Look out for Haemonchus in sheep and goats!
Photo of abomasum showing signs of concurrent parasitism as well as Haemonchus
Colleagues in Aberdeen have seen several sheep and goats with Haemonchus over the last few weeks. These relatively large barbers pole worms are found in the abomasum and cause anaemia and hypoproteinaemia by taking blood meals from the host. In a fresh carcase they can be seen by the naked eye. They are highly pathogenic and as few as 1500 worms can cause death.
Haemonchus is originally a tropical parasite, which we are seeing increasingly in the area. They are extremely fecund, with worm egg counts often reaching over 10,000 eggs per gram. Combine this fecundity with warm, wet weather and large numbers of infective larvae can build up on pastures quickly. Sheep do not develop immunity to Haemonchus like they do other worms, and all ages of animal can develop disease.

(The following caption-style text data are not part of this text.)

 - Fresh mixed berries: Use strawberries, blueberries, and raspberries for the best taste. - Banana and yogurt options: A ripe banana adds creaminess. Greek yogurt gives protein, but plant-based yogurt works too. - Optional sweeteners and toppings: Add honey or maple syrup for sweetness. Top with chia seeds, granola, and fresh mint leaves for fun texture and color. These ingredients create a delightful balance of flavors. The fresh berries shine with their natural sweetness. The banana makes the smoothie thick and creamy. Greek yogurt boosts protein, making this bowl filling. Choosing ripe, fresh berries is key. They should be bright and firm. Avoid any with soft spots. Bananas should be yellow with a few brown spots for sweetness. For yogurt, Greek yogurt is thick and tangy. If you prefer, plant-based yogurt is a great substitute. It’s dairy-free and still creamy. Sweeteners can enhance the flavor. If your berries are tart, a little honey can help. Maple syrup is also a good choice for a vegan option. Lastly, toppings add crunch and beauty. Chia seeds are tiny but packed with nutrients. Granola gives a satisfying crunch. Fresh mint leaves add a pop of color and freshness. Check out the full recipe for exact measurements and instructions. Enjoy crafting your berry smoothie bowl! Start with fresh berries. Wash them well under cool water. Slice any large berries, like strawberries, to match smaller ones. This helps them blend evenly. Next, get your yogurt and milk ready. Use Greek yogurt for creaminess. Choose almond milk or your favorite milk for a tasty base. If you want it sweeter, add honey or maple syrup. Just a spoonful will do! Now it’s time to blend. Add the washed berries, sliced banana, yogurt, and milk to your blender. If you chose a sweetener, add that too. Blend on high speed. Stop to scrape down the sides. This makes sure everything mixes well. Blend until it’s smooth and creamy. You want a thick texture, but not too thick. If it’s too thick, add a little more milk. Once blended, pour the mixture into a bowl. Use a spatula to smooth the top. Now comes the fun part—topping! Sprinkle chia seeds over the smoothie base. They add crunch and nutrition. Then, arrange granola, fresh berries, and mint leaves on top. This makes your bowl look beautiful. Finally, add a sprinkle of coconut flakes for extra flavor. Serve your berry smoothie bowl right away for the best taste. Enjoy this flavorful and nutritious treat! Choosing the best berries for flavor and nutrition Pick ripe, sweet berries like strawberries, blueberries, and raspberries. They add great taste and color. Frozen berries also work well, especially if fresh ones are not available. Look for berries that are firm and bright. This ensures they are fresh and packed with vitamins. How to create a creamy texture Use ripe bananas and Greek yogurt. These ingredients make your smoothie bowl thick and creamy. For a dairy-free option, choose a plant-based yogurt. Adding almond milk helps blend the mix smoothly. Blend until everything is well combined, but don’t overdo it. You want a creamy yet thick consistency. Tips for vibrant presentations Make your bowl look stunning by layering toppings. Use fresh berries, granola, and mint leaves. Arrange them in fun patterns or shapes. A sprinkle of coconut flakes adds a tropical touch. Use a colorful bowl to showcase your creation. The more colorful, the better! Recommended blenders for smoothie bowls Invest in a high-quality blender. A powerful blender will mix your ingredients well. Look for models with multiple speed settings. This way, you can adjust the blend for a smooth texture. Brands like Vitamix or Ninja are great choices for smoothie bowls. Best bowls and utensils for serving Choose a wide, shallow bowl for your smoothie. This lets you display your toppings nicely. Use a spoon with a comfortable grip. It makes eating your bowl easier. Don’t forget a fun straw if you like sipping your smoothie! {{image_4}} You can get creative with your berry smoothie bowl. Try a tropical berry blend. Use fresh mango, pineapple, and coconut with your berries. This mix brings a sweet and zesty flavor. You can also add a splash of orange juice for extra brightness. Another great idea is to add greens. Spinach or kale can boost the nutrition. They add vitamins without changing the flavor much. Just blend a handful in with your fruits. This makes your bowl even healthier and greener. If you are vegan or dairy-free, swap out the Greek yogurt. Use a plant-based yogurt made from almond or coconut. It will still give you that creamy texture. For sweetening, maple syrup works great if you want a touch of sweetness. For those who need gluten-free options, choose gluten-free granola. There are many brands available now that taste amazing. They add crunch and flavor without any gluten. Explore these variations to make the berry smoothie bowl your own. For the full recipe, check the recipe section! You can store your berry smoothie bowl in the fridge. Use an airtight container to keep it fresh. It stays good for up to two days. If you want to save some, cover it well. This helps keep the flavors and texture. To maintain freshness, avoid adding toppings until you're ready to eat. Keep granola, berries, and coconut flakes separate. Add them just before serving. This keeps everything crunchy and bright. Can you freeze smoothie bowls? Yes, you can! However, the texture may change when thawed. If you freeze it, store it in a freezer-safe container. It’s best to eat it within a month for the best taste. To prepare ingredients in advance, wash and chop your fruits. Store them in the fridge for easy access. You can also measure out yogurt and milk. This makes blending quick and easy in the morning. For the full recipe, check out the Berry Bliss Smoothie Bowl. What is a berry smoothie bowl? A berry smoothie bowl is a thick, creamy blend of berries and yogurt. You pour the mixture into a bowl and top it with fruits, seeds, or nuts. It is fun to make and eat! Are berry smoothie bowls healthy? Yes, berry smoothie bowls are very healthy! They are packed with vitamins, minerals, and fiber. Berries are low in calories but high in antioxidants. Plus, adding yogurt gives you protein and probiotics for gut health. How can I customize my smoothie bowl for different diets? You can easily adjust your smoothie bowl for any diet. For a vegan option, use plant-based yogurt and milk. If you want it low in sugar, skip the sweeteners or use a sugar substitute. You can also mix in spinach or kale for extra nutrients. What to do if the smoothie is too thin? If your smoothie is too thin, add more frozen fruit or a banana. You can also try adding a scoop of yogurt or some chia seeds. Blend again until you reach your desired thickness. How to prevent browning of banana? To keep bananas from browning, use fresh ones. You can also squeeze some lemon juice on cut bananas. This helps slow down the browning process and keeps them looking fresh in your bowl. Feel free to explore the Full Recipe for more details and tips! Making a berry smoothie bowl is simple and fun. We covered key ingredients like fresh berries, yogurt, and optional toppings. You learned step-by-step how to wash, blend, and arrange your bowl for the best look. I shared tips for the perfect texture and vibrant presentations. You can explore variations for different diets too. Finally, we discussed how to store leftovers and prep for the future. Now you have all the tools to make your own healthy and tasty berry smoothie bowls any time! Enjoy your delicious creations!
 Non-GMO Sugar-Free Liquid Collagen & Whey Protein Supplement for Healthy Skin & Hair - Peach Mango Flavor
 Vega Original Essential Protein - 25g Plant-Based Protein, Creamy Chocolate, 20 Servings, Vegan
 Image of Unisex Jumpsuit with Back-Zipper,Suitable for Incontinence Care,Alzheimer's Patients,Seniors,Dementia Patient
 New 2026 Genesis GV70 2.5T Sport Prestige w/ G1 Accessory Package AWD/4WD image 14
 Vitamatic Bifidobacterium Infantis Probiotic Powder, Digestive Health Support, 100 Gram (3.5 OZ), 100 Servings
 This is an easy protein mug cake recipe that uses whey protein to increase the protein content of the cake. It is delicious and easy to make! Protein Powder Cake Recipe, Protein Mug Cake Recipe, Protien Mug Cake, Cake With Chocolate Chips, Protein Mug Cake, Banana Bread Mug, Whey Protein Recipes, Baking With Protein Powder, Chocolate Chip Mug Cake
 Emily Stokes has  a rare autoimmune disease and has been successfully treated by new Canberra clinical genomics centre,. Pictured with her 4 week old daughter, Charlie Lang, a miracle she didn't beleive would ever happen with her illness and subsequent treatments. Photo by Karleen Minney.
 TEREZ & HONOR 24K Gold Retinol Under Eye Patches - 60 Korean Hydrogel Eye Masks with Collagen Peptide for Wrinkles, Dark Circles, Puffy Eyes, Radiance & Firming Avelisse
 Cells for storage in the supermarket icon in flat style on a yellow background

Clinical presentation can be as sudden deaths in any age of animal. Examination of the group will reveal clinical signs including anaemia, lethargy, ill thrift, submandibular oedema and dark faeces. Acute fascioliasis is the main differential, and the two can be easily differentiated on an on farm post-mortem examination. Very high strongyle counts are supportive, but care with pooled samples – a low to moderate count doesn’t exclude a diagnosis of haemonhcus. We can do a peanut agglutanin test to identify Haemonchus eggs, which may be useful for detecting its presence on a farm.
All groups of anthelmintics will treat Haemonchus, although due to the fecundity of the worm and the temptation to treat all animals is a group, there is concern about the development of resistance. Closantel and nitroxynil also have efficacy against Haemonchus and may be useful products to reduce selection pressure on anthelmintics. In farms with an identified Haemonchus problem, using closantel or perhaps a group 4 or 5 wormer in the late autumn could be considered to reduce hypobiosis and overwintering of worms in adult animals, and therefore the subsequent pasture contamination during the periparturient rise in the spring.